:: Task details ::
Nothing but the lines from the one containing "Pull&Bear White Gallery" through the end of the data below should appear in the answer, each exact and free of pictures.

*** Opening of Listed records ***

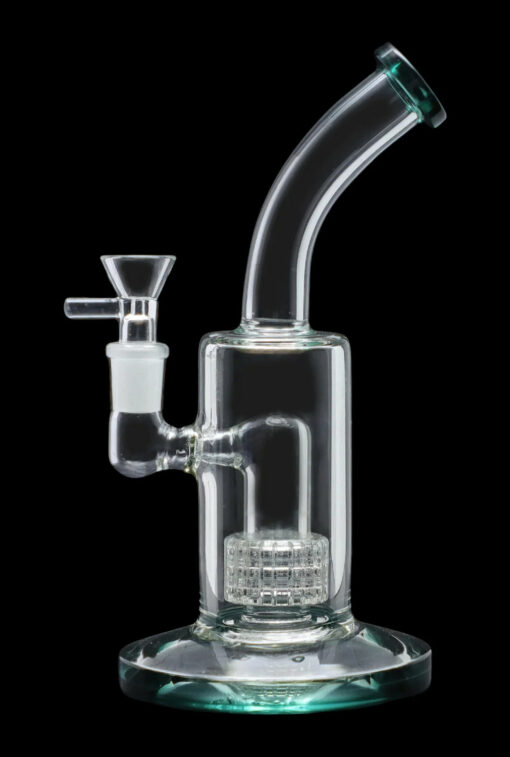 Shop Smoke Cartel Bent Neck w/ Matrix Perc & Color Accents Water Pipe - 8 in. in australian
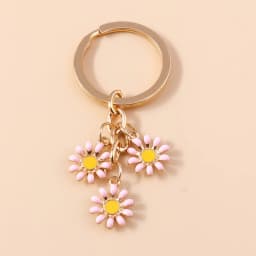 Cute Enamel Keychain Colorful Sakura Flower Key Ring Sweet Key Chains for Women Girls Handbag Accessories DIY Jewelry Gifts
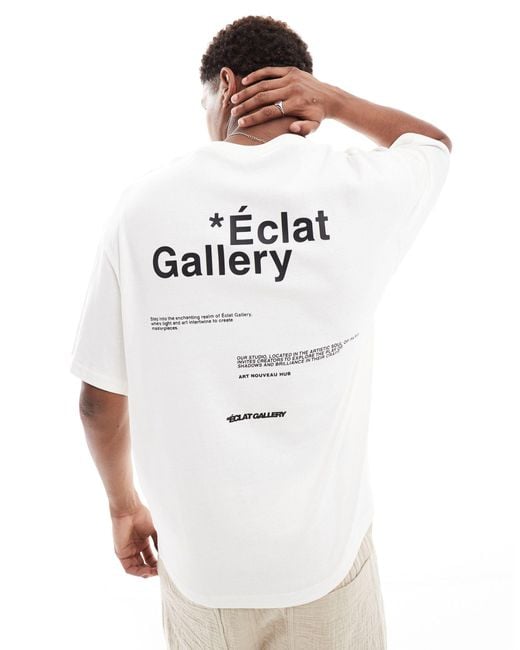 Pull&Bear White Gallery Back Printed T-shirt for men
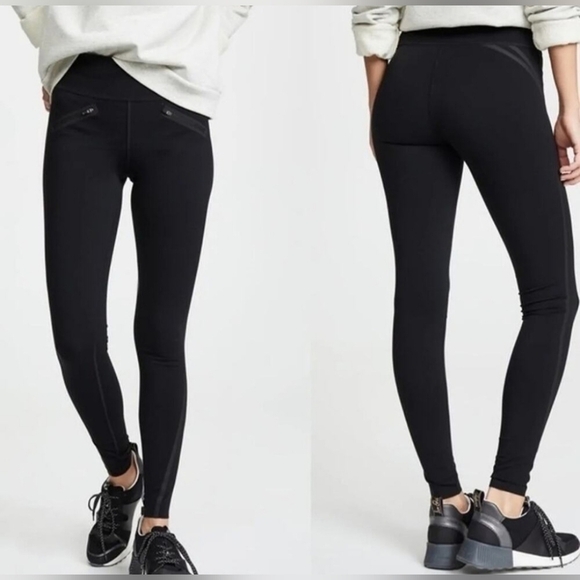 SPANX Every Wear Tech Tape Leggings Zip Pockets Compression Black Women's XL - Picture 1 of 7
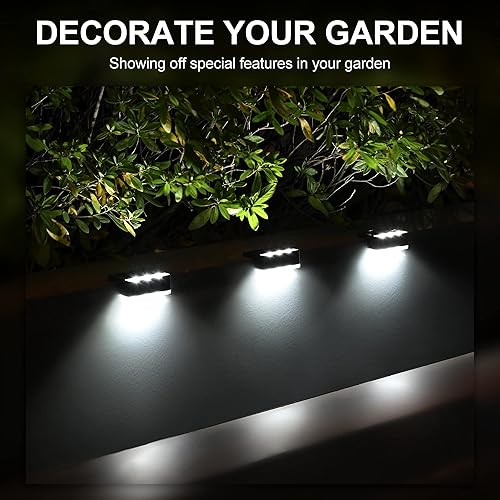 Miniatura 6 de SOLPEX Luces Solares para Cercas, 6 LEDs Luces Solares para Exteriores Impermeables Alimentadas por Energía Solar para Terraza, Escalera, Porche
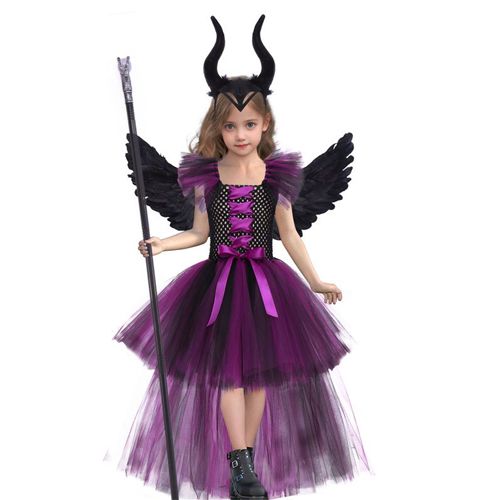 Girls Sleeping Curse Costume Fancy Dress Halloween Party Cosplay Witch Outfit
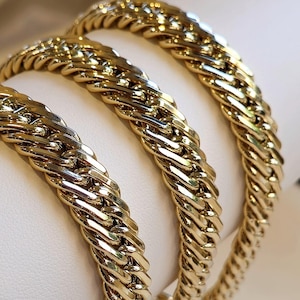 Genuine Real 18K Gold Curb Bracelet, 18K Pure Gold Chunky Link Chain Bracelet for Men/Women, 10MM, 18K(750) Gold Bracelet for Him/Her, Gift!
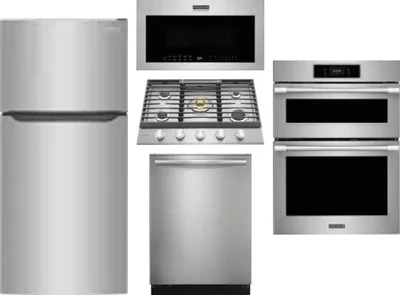5 Piece Package Includes Refrigerator, Cooktop, Wall Oven, Microwave And Dishwasher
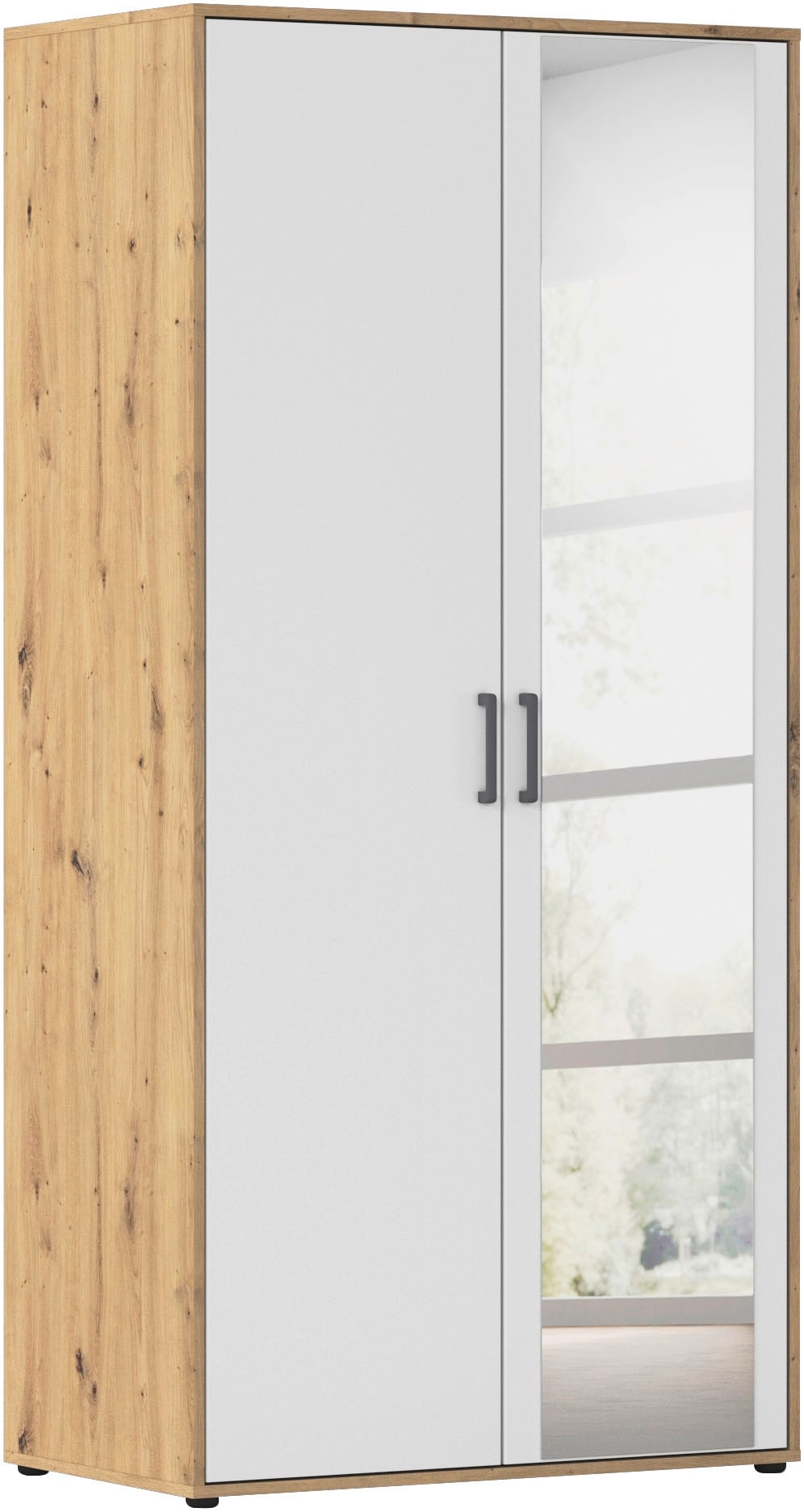 rauch "Kleiderschrank Schrank Garderobe Wäscheschrank VOYAGER" in 3 verschiedenen Ausstattungen BASIC/CLASSIC/PREMIUM, mit modernen Griffen in Graumetallic und Spiegel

*** Close of Listed records ***

:: Problem solution ::
 Pull&Bear White Gallery Back Printed T-shirt for men
 SPANX Every Wear Tech Tape Leggings Zip Pockets Compression Black Women's XL - Picture 1 of 7
 Miniatura 6 de SOLPEX Luces Solares para Cercas, 6 LEDs Luces Solares para Exteriores Impermeables Alimentadas por Energía Solar para Terraza, Escalera, Porche
 Girls Sleeping Curse Costume Fancy Dress Halloween Party Cosplay Witch Outfit
 Genuine Real 18K Gold Curb Bracelet, 18K Pure Gold Chunky Link Chain Bracelet for Men/Women, 10MM, 18K(750) Gold Bracelet for Him/Her, Gift!
5 Piece Package Includes Refrigerator, Cooktop, Wall Oven, Microwave And Dishwasher
 rauch "Kleiderschrank Schrank Garderobe Wäscheschrank VOYAGER" in 3 verschiedenen Ausstattungen BASIC/CLASSIC/PREMIUM, mit modernen Griffen in Graumetallic und Spiegel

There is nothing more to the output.